To clarify, if a game has an introduction cinematic telling you all of the history, this is already starting off on the wrong foot.

Re: SC:L Wings of Liberty Review

Posted: Sat Apr 21, 2012 6:02 am
by mark_009_vn
The way I see it, the story, the gameplay, the sounds, graphics, everything, all contributes toward setting the feelings, the mood. It does not really affects each other in any specific ways, the story doesn't "encapsulates" the gameplay by default, nor does the gameplay drives the story and sets it in motion, it only does when you made it to do so. Those feelings and mood are jumbled with pieces of information by the human mind when we plays video games to give cohesive sense. As such, these feelings could be MOLD to what ever you wants, you could make every element contributes to the gameplay, or the story, or even graphics (which is sadly most Hollywood movie makers do these days to make big bucks), it doesn't matters. For example Haft-Life, as in the original Haft-Life, the connection between the story and the gameplay was, while exists and are pivotable to it's success, is extremely vague and it does not centralized on either elements. Everybody who plays Haft-Life knows the game literally have no story at all, and knows that the gameplay is nothing entirely new, it was just an average FPS with puzzles and platforming here and there. Yet it was big success. Why was Haft-Life successful? It's because it was immersive. The gameplay didn't contributes to the story, it contributes to immersion. The story did the same thing too. Immersion in Haft-Life case, is the medium that drives the game, every single elements of Haft-Life is interconnected upon each other, they depends on each other, but those connections are indirect, they have to go through the immersion medium. Thus, making the game focused upon the immersion, sacrificing neither story nor gameplay. So the idea here is, you don't need to sacrifice anything to bring something up, you only need to know what to focus on, what to design on, what to do to translate your ideas into a cohesive game, how to express your creativity through your creations. That is what matters.

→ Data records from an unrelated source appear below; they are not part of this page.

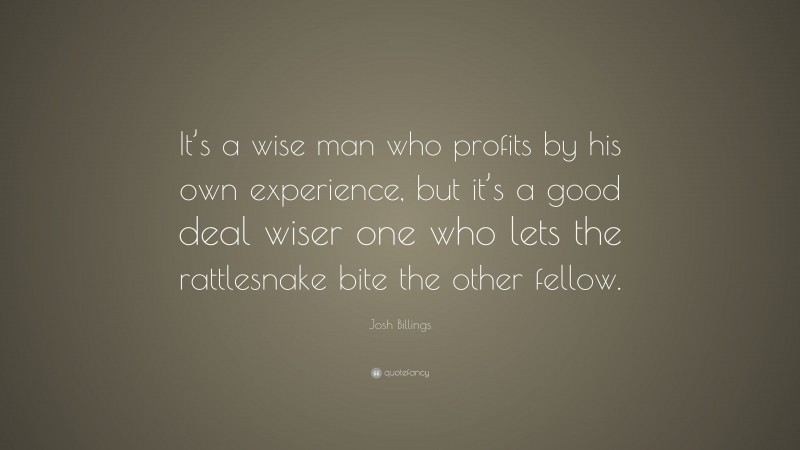 Josh Billings Quote: “It’s a wise man who profits by his own experience, but it’s a good deal wiser one who lets the rattlesnake bite the other fellow.”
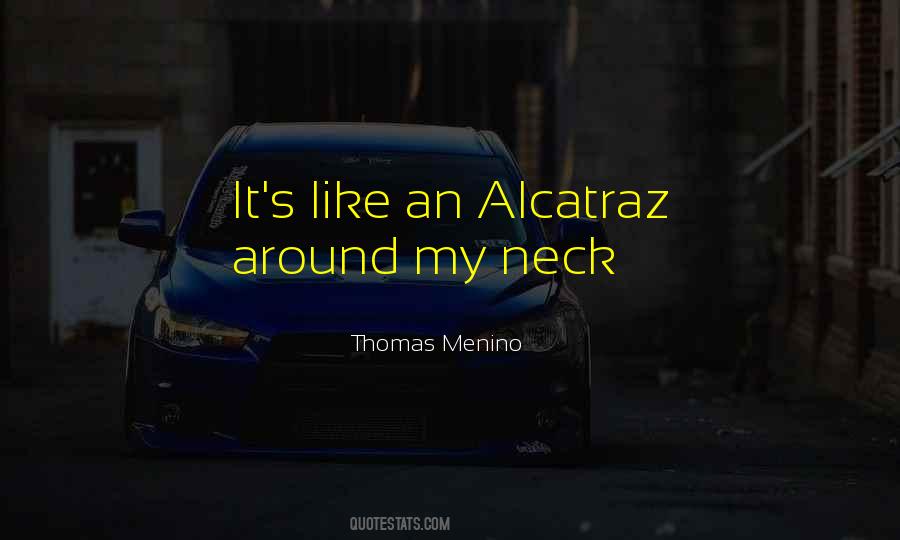 Quotes About Alcatraz #980568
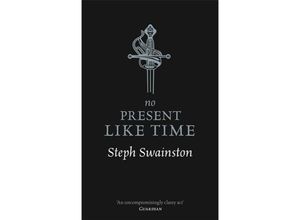 9781473221833 - No Present Like Time - Steph Swainston Taschenbuch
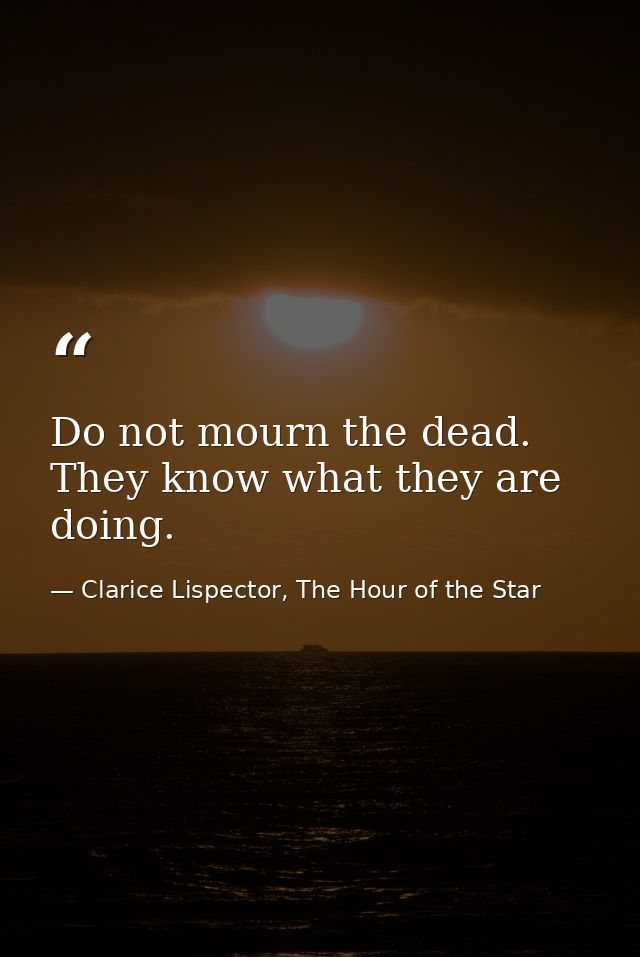 Do not mourn the dead. They know what they are doing. — Clarice Lispector, The Hour of the Star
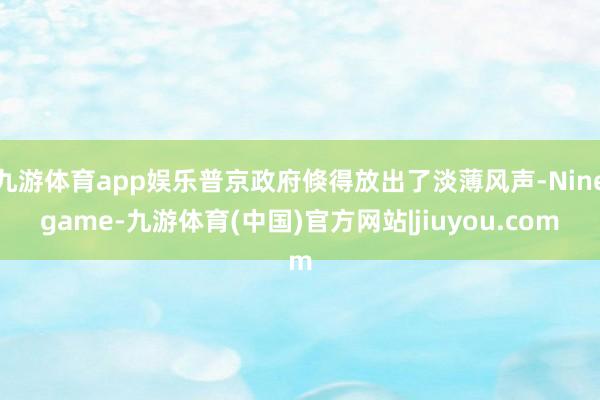 九游体育app娱乐普京政府倏得放出了淡薄风声-Ninegame-九游体育(中国)官方网站|jiuyou.com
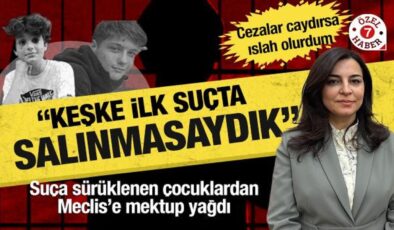 Suça sürüklenen çocuklardan Meclis’e mektup: “Keşke ilk suçta salınmasaydık”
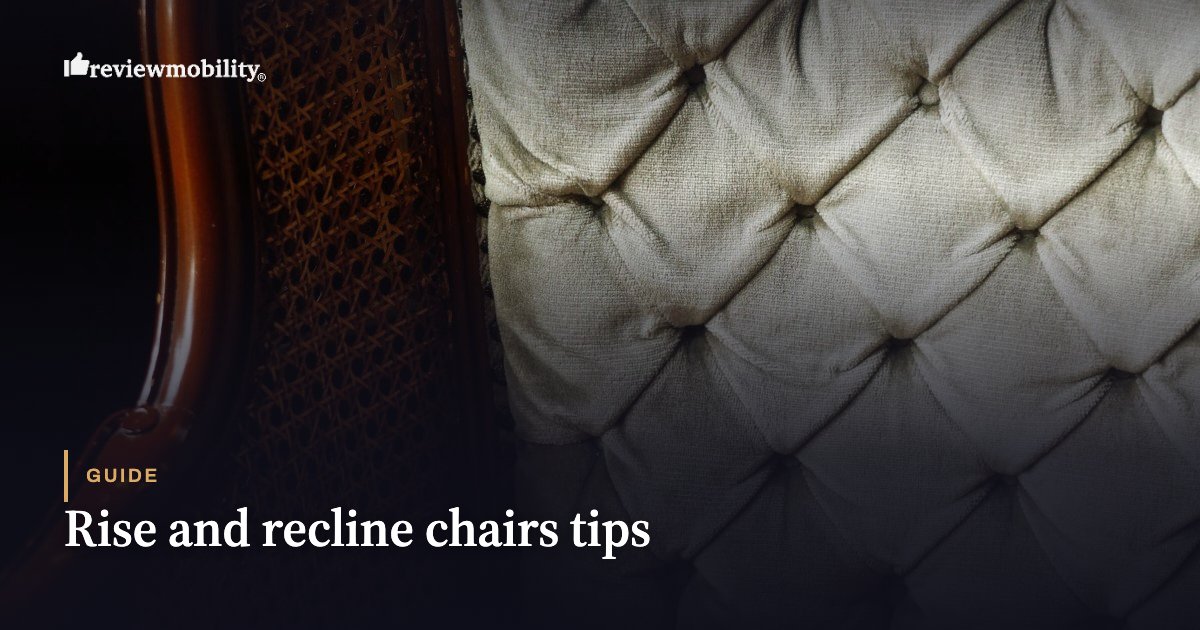 Rise and recline chairs tips Rise and recline chairs tips 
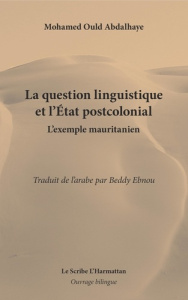 La question linguistique et l'Etat postcolonial. L'exemple mauritanien, Edition bilingue français-ar - Ould Abdallahi Sidi Mohamed ; Ebnou Beddy
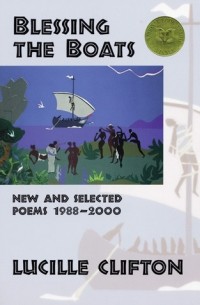 Люсиль Клифтон - Blessing the Boats: New and Selected Poems, 1988-2000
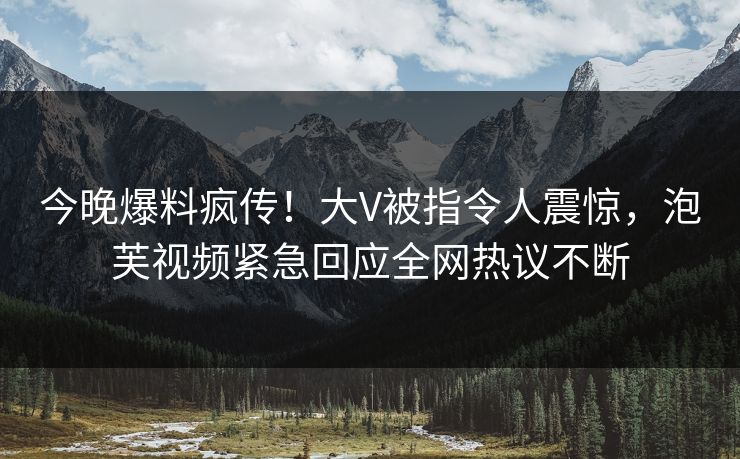 今晚爆料疯传！大V被指令人震惊，泡芙视频紧急回应全网热议不断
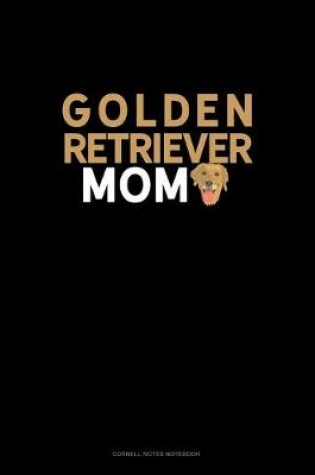 Cover of Golden Retriever Mom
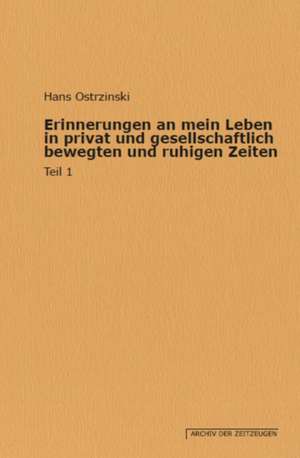 Erinnerungen an mein Leben in privat und gesellschaftlich bewegten und ruhigen Zeiten de Hans Ostrzinski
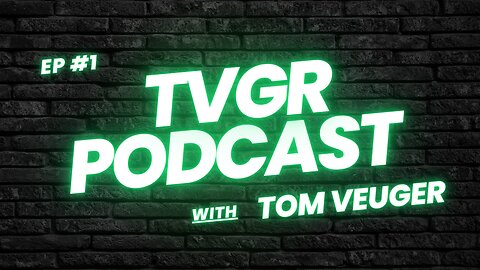 TVGR Podcast: AI, Organic Social Media and Tom Veuger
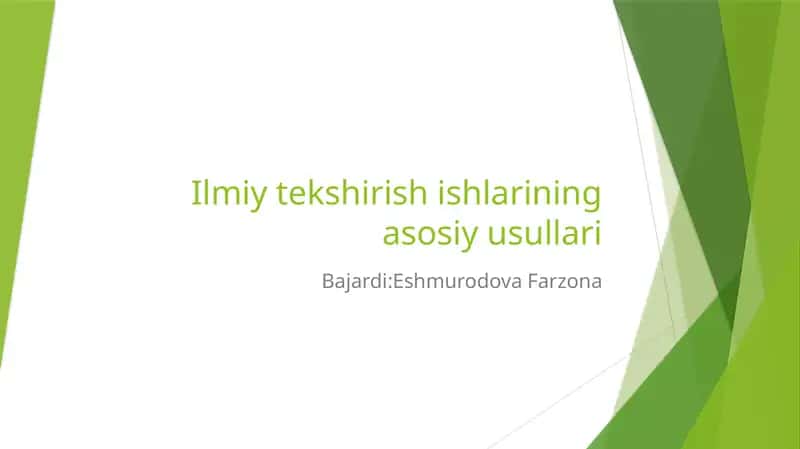 Ilmiytekshirishishlariningasosiyusullari 1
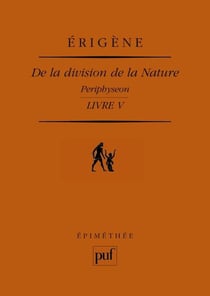 De la division de la nature Tome 4 - Periphyseon livre V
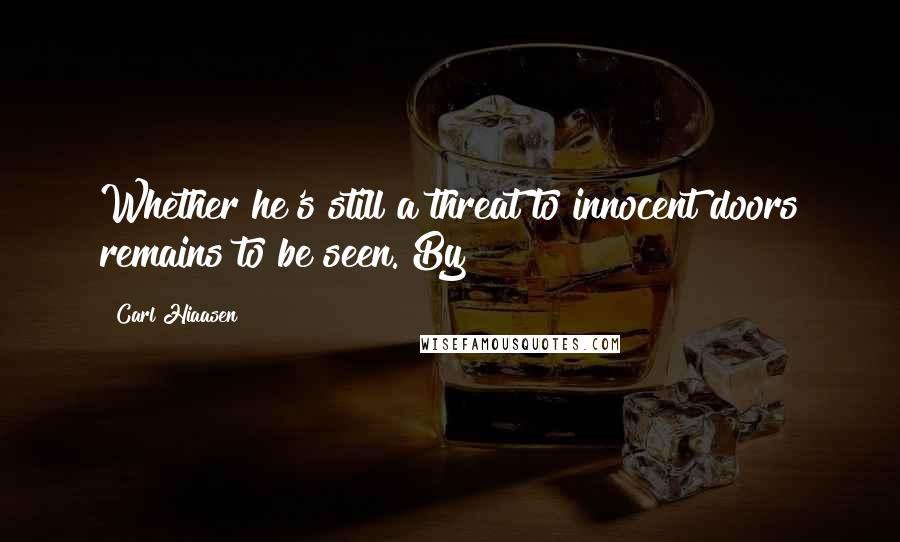 Carl Hiaasen Quotes: Whether he's still a threat to innocent doors remains to be seen. By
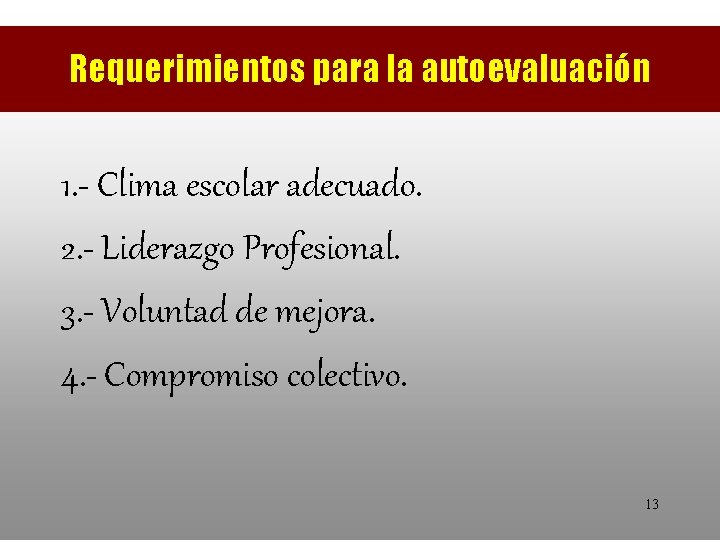 Requerimientos para la autoevaluación 1. - Clima escolar adecuado. 2. - Liderazgo Profesional. 3.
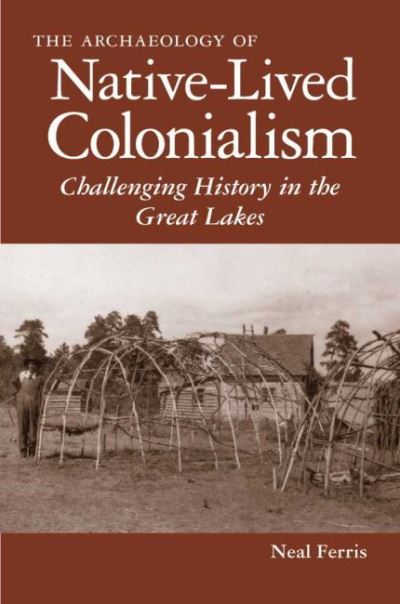 The Archaeology of Native-Lived Colonialism: Challenging History in the Great Lakes - Neal Ferris - Książki - University of Arizona Press - 9780816527052 - 30 stycznia 2009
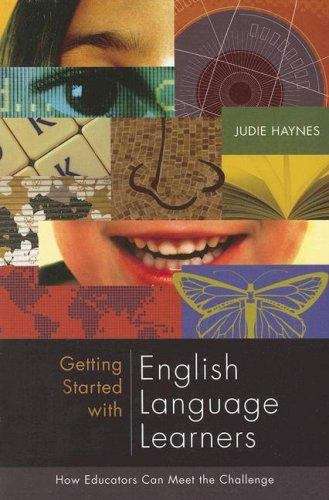 Book cover of Getting Started with English Language Learners: How Educators Can Meet the Challenge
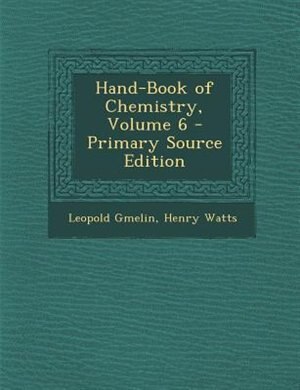 Couverture_Hand-Book of Chemistry, Volume 6 - Primary Source Edition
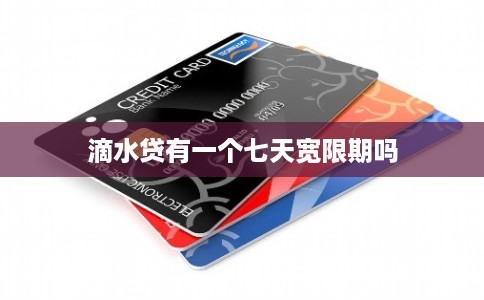 滴水贷有一个七天宽限期吗 滴水贷有一个七天宽限期吗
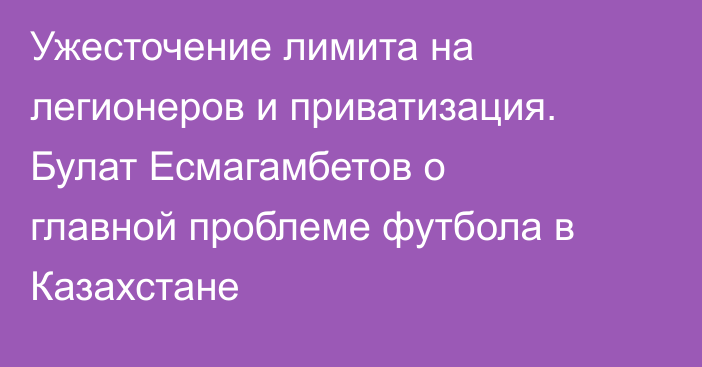 Ужесточение лимита на легионеров и приватизация. Булат Есмагамбетов о главной проблеме футбола в Казахстане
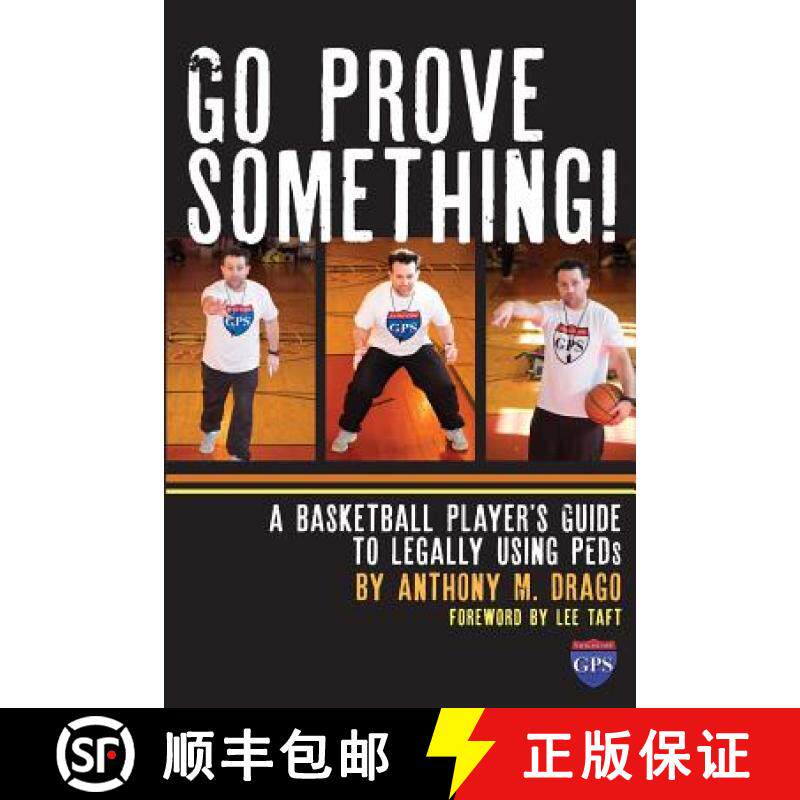 【3-4周达】Go Prove Something!: A Basketball Player's Guide to Legally Using PEDs [9781600250934]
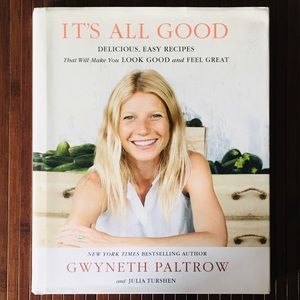 It’s All Good Gwyneth Paltrow Cookbook Hardcover Book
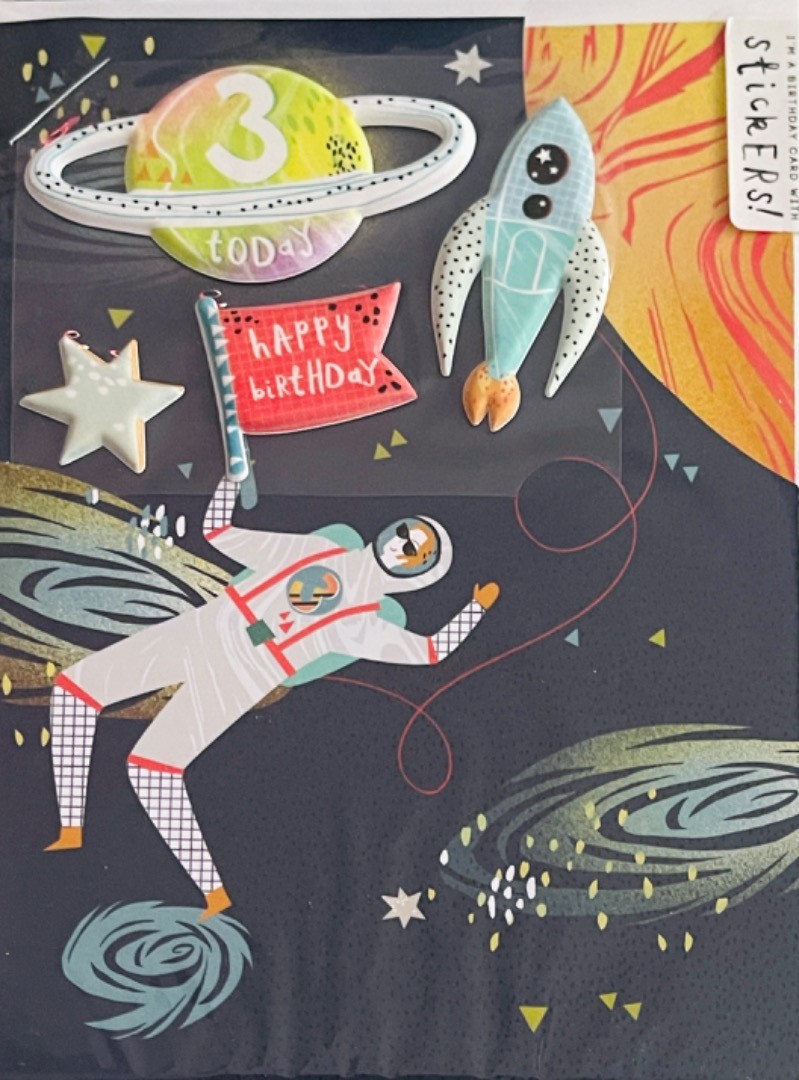 Spaceman Astronaut 3 today 3rd Birthday Card with Stickers Planet Rocket Star Ho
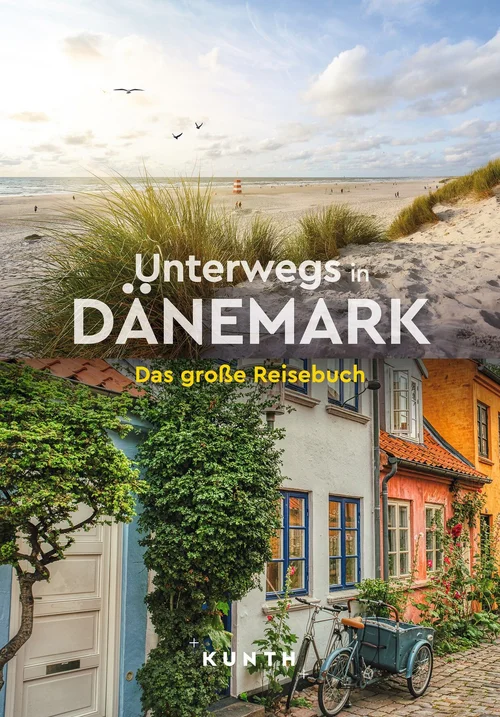 KUNTH Unterwegs in Dänemark KUNTH Unterwegs in Dänemark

Re: SC:L Wings of Liberty Review

Posted: Sat Apr 21, 2012 6:31 am
by Master Jademus Sreg
IskatuMesk wrote:I don't think you should ever need to sacrifice anything for anything.

Precisely what I said. Haha

Re: SC:L Wings of Liberty Review

Posted: Sat Apr 21, 2012 7:04 am
by IskatuMesk
Personally, I think WoL did a good job of staying away from gameplay elements that could detract from the story like stupid gimmicks and minigames. I think that, gameplay-wise, it was a decent amateur attempt at telling a story through the game. It's just that their execution of the story itself was so astoundingly poor that I will remember it for decades to come as one of the worst pieces of writing I have ever forced myself to endure. Nothing, not even THQ or EA games, not even bad twilight slash fic, can compare to the disgust I felt playing this game. It was not simply ineptitude that gnawed at me, but the conscious decision to destroy the last fragments of any dignity the series had left in only the most foul and grandest of manners possible by human hands.

Re: SC:L Wings of Liberty Review

Posted: Sat Apr 21, 2012 7:48 am
by Master Jademus Sreg
I awarded the Worst Contemporary Narrative In A Game to Command & Conquer 4, awarded for retconning Tiberium's environmental devastation with an asspull technology, and ending the series and Kane's character with a big nothing.